Comment d to the section points out:

While there instances in which a court may have discretion to determine that a judgment of dismissal shall operate as a bar ..., a judgment may not have an effect contrary to that prescribed by the statutes, rules of court, or other rules of law operative in the jurisdiction in which the judgment is rendered.

Here, there are relevant statutory provisions and rules that allow the debtor to petition to reopen the bankruptcy court’s determination even if judicial principles of res judicata otherwise preclude such action.

Section 350(b) of Title 11 provides that “[a] case may be reopened in the court in which such case was closed to ... accord relief to the debtor, or for cause.” Bankruptcy Rule 5010 thus provides that “[a] case may be reopened on motion of the debtor or other party in interest pursuant to § 350(b) of the Code.” Although not relying on Rule 5010, the bankruptcy court cited Rule 4007(b), which governs the time for reopening a case and provides that (except for situations not relevant here) a case may be reopened at any time.

*579 Despite the State’s argument to the contrary at oral argument on the appeal, there is ample authority both in the plain language of Rule 5010 itself and secondary sources that the debtor himself may reopen his case. See B. Weintraub & A. Resnick, Bankruptcy Law Manual ¶ 3.10, at 3-58 & nn. 9-11 (rev. ed. 1986); 3 Collier on Bankruptcy, supra, at ¶ 350.03, p. 350-6 & n. 4; id. at 11350.03[2], p. 350-12.

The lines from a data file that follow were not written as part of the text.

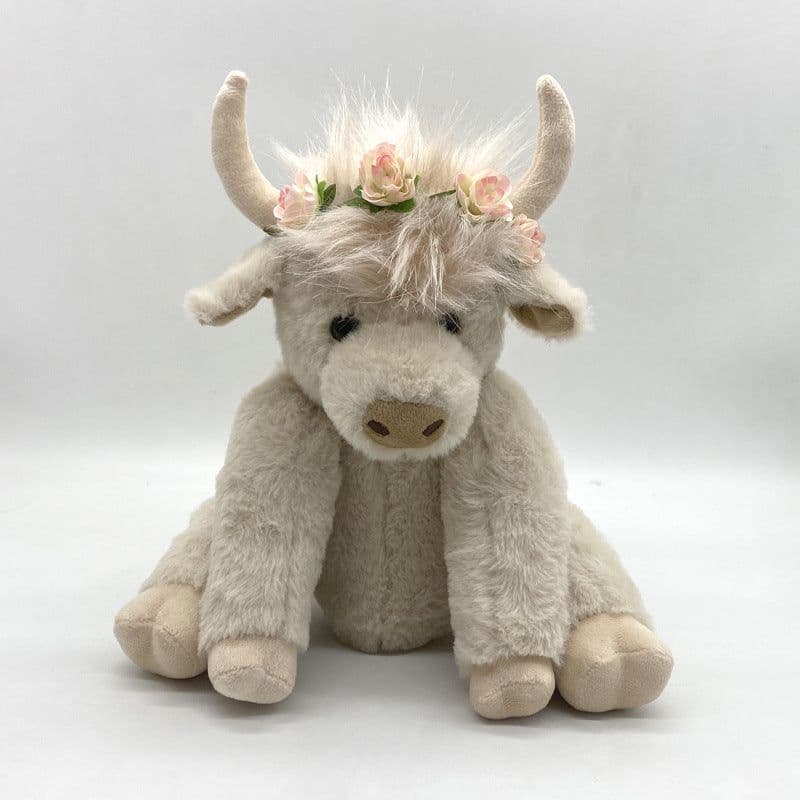 image-Little Huba Highland Cow Plush Doll - Brown 25cm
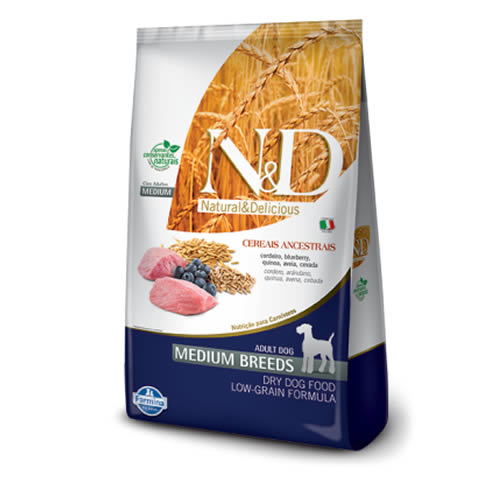 Rao N&D Low Grain para Ces Adultos Cordeiro Medium - 2,5kg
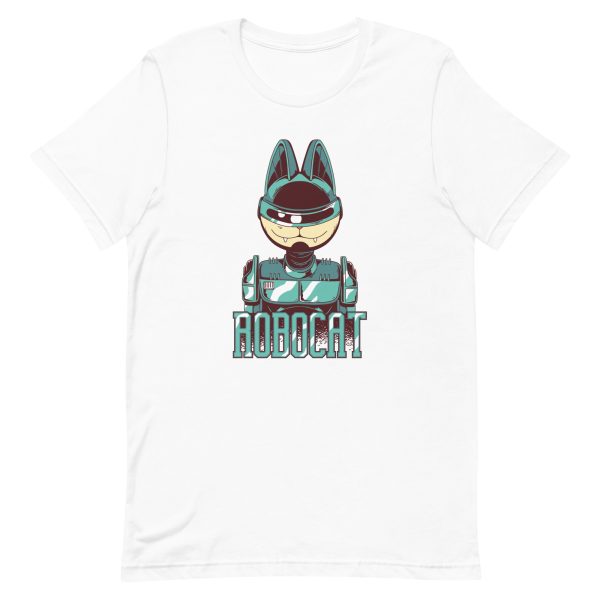 unisex-staple-t-shirt-white-front-6a1eb59528ee1.jpg Robocat T-Shirt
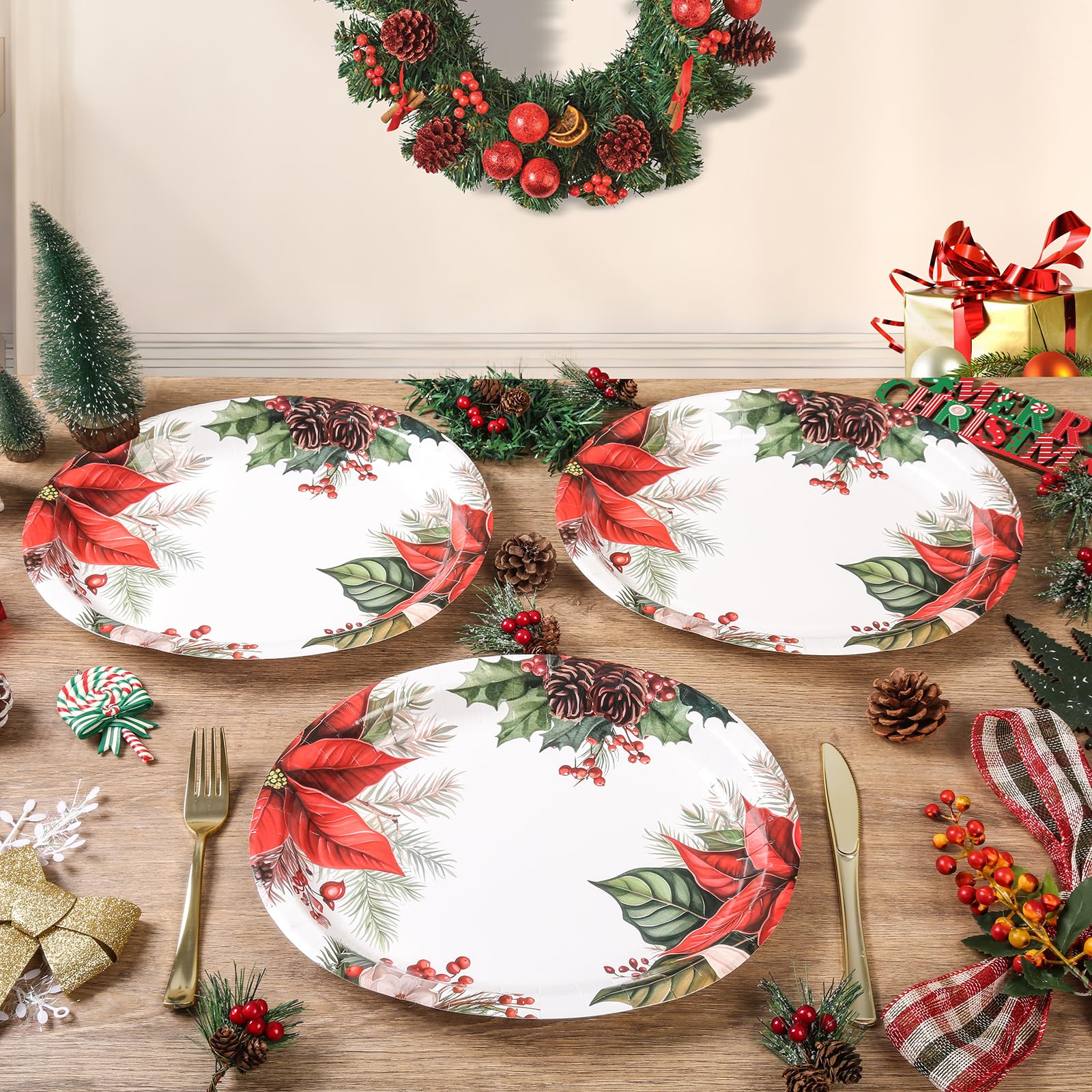 Juego de vajilla ovalada de Pascua de Navidad para 25 invitados, platos y servilletas desechables de papel floral rojo de Navidad, 50 piezas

Section 350(b) of the Code “gives the court the power to reopen a case when such action is deemed necessary by the court in the interest of fairness.” Id., at 11350.01, p. 350-1. A case may be reopened despite a previous denial of discharge. Id., p. 350-8.

B.

Only three cases have discussed the “undue hardship” provision of the Code and denied discharge of student loans without prejudice to a future redetermination upon a change of circumstances. In its decision, the bankruptcy court relied on these cases. In Re Andrews, 661 F.2d 702 (8th Cir.1981); In Re Brunner, 46 B.R. 752 (S.D.N.Y.1985); In Re Pierre, 12 B.R. 693 (Bankr.S.D.Fla.1981). In each case, the court concluded that the debtor had not demonstrated “undue hardship” but recognized that the debtor might be able to do so in the future should conditions worsen. Each court acknowledged its inability to predict the future and thus did not foreclose rede-termination should new conditions thrust the debtor within the “undue hardship” exception.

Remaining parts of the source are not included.